Brief descriptive captions

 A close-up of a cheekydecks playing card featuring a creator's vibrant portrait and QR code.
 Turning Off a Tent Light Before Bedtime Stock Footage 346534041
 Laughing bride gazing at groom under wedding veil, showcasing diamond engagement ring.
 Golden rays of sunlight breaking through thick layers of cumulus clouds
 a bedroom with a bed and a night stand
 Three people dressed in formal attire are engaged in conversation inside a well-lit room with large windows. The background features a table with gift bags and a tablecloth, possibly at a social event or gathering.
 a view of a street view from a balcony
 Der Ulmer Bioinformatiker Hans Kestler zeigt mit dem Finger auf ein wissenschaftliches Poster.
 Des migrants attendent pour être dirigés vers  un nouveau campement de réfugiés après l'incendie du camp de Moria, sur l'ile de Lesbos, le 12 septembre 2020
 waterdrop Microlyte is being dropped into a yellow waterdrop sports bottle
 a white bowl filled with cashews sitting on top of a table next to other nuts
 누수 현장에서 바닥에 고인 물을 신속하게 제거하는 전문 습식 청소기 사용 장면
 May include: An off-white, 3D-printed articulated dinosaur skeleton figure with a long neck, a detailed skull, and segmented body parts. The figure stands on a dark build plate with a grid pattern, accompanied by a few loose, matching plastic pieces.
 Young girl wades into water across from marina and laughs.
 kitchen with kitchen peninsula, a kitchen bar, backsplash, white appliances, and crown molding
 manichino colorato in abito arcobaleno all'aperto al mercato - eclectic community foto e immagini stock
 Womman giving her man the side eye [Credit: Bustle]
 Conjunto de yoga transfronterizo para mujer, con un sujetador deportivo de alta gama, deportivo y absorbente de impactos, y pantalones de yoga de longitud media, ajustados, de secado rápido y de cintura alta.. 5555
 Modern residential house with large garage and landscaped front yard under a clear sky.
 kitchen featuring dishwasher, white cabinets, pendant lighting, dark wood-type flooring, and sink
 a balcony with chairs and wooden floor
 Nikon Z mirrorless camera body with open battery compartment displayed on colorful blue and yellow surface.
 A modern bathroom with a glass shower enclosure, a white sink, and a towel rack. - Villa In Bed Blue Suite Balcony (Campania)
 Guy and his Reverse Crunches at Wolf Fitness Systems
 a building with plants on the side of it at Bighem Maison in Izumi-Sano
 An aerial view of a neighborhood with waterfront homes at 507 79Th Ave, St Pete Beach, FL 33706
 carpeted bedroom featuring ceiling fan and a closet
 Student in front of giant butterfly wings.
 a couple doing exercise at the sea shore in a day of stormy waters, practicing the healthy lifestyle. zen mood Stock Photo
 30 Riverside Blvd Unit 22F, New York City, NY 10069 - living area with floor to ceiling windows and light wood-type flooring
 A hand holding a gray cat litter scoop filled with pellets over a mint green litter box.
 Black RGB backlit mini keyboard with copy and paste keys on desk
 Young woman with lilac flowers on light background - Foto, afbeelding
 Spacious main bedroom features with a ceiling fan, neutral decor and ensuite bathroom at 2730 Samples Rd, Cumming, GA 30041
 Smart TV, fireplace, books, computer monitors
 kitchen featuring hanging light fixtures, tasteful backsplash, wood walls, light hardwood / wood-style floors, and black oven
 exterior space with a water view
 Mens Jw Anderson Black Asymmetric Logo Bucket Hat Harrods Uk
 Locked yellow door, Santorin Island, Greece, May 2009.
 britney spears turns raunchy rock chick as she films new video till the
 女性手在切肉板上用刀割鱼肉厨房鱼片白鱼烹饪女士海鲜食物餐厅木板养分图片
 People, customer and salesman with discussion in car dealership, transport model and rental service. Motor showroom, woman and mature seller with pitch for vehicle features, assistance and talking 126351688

## YOUR ASSIGNMENT
Reproduce exactly the line that contains "a building with" together with each line after it to the end of the entries; include no other lines.

## EXERCISE OUTPUT
 a building with plants on the side of it at Bighem Maison in Izumi-Sano
 An aerial view of a neighborhood with waterfront homes at 507 79Th Ave, St Pete Beach, FL 33706
 carpeted bedroom featuring ceiling fan and a closet
 Student in front of giant butterfly wings.
 a couple doing exercise at the sea shore in a day of stormy waters, practicing the healthy lifestyle. zen mood Stock Photo
 30 Riverside Blvd Unit 22F, New York City, NY 10069 - living area with floor to ceiling windows and light wood-type flooring
 A hand holding a gray cat litter scoop filled with pellets over a mint green litter box.
 Black RGB backlit mini keyboard with copy and paste keys on desk
 Young woman with lilac flowers on light background - Foto, afbeelding
 Spacious main bedroom features with a ceiling fan, neutral decor and ensuite bathroom at 2730 Samples Rd, Cumming, GA 30041
 Smart TV, fireplace, books, computer monitors
 kitchen featuring hanging light fixtures, tasteful backsplash, wood walls, light hardwood / wood-style floors, and black oven
 exterior space with a water view
 Mens Jw Anderson Black Asymmetric Logo Bucket Hat Harrods Uk
 Locked yellow door, Santorin Island, Greece, May 2009.
 britney spears turns raunchy rock chick as she films new video till the
 女性手在切肉板上用刀割鱼肉厨房鱼片白鱼烹饪女士海鲜食物餐厅木板养分图片
 People, customer and salesman with discussion in car dealership, transport model and rental service. Motor showroom, woman and mature seller with pitch for vehicle features, assistance and talking 126351688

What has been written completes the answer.